Efficient FPGA realizations based on AND /XOR expressions
In this dissertation, we propose an AND/XOR-based technology mapping method for field programmable gate arrays (FPGAs). Due to the fixed size of the programmable blocks in an FPGA, decomposing a circuit into sub-circuits with appropriate number of inputs can achieve excellent implementation efficiency. Specifically, the proposed technology mapping method is based on Davio expansion theorem to decompose a given Boolean circuit. The AND/XOR nature of the proposed method allows it to operate on XOR intensive circuits, such as error detecting/correcting, data encryption/decryption, and arithmetic circuits, efficiently.

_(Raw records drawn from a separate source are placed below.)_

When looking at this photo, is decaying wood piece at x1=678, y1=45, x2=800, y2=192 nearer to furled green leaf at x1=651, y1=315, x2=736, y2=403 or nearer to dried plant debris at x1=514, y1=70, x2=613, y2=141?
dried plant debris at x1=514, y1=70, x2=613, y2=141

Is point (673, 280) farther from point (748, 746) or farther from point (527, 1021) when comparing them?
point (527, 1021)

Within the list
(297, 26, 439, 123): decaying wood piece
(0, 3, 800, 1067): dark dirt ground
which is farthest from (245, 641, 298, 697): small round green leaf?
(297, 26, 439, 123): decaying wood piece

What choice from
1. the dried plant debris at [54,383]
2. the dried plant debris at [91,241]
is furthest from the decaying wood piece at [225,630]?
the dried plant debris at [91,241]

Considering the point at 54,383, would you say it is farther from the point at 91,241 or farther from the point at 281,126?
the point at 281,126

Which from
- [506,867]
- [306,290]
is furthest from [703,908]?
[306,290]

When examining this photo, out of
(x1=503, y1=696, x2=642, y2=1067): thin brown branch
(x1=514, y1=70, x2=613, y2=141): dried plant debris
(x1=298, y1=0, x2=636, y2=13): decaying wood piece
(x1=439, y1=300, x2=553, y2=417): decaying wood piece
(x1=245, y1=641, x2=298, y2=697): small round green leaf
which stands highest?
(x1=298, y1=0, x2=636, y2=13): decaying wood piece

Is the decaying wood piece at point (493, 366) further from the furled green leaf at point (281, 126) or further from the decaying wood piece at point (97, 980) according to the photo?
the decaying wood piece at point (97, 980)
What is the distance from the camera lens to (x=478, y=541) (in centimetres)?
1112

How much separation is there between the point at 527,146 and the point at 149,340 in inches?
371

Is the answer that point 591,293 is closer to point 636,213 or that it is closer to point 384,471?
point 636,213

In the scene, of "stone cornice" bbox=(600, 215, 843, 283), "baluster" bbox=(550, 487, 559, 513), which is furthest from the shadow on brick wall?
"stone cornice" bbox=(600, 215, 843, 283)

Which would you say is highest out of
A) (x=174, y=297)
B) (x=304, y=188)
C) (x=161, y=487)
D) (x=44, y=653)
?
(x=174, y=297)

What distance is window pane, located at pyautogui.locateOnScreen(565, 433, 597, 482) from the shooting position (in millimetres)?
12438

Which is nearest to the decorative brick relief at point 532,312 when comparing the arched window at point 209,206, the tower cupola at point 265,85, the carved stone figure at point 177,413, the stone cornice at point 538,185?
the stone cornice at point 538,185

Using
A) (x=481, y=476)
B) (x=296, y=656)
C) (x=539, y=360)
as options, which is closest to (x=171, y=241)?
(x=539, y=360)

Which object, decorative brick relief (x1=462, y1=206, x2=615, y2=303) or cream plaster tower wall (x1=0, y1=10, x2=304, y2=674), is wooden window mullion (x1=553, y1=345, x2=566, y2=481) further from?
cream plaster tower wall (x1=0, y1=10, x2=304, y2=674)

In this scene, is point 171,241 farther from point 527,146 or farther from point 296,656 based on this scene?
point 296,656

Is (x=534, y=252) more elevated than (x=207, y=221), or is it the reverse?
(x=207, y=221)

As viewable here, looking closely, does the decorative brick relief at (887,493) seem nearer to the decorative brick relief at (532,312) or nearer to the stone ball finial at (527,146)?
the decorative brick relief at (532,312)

We design three different approaches: (1) Direct Approach, (2) AND/XOR Direct, and (3) Proposed Davio Approach and conduct experiments using MCNC benchmark circuits. First, we formulate the parity prediction circuits for the MCNC benchmark circuits. Proposed Davio Approach is superior to the conventional methods for parity prediction circuits in terms of both speed and area. When using Proposed Davio Approach, the number of CLBs is reduced by 67.6% (speed-optimized) and 57.7% (area-optimized), total equivalent gate counts are reduced by 65.5%, maximum combinational path delay is reduced by 56.7%, and maximum net delay is reduced by 80.5% compared to Direct Approach. We then apply the proposed method to the benchmark circuits themselves and found that the proposed method is still quite competitive for achieving realization efficiency in FPGAs.